The John Hewitt Summer School is back at The Market Place Theatre in Armagh, and as ever, will feature stunning and accessible visual art.
Acclaimed journalist Malachi O’Doherty will be
exhibiting a brand new photographic exhibition, ‘India: Faces and Scenes’,
supported by Andras Hotels. O’Doherty, who lived in India for four years in the
1970’s, returned for the first time in January this year as a Major Artist
funded by the Arts Council of Northern Ireland. His main project was to
research a book, but he took cameras with him and brought back striking images
of people and places. These include scenes from the cremation grounds at the
Ganges, a market place in Kolkata and portraits of people he met at random.

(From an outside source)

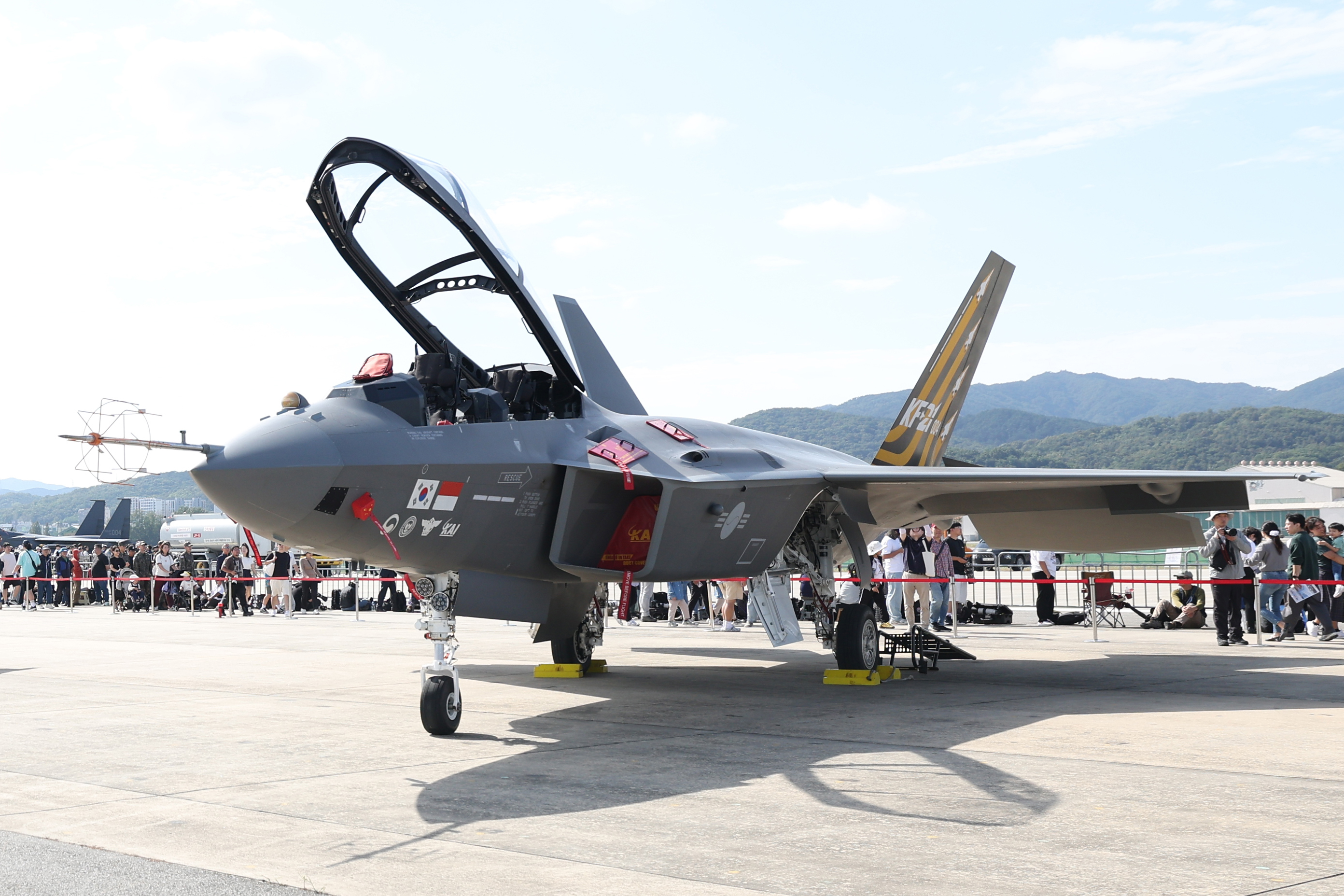 １７日、京畿（キョンギ）道・城南（ソンナム）市のソウル空港で「ＡＤＥＸ２０２５」が開かれた。写真は、国産超音速戦闘機ＫＦ－２１を見学する来場者の様子。「ＡＤＥＸ２０２５」は、韓国最大規模の航空宇宙・防衛産業展示会で、１７～１９日にソウル空港でエアショー（一般公開日）、２０～２４日には高陽（コヤン）市のキンテックスで展示会（ビジネスデー）が行われる。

Malachi O’Doherty is better known as a writer and
broadcaster. His eighth book will be published this summer, ‘Fifty Years On’, a
reflection on change in Northern Ireland since the start of the Troubles.

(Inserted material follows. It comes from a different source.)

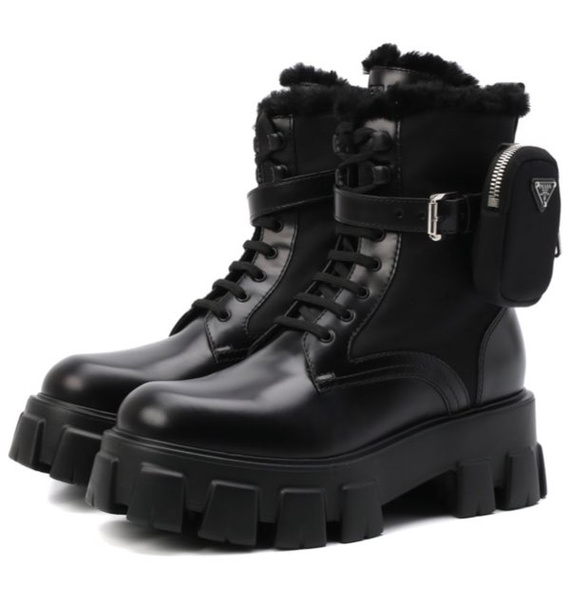 Ботинки • Prada • Черный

O’Doherty says “I have always had cameras with me
but there is that demarcation in journalism that writing is one job and taking
the pictures is another, and there is a lot of sense to that.” He brought
cameras with him when, in January, he went back to Brij Ghat, a pilgrim town on
the Ganges. “I walked along the Ganges and saw the cremation fires. First I
photographed them a bit sneakily then walked closer and one family invited me
to take pictures of the body being prepared, a woman. Her hands and bangles
were exposed, and they spread incense over her and then piled grasses and logs
on top of her and, after prayers, set her alight.”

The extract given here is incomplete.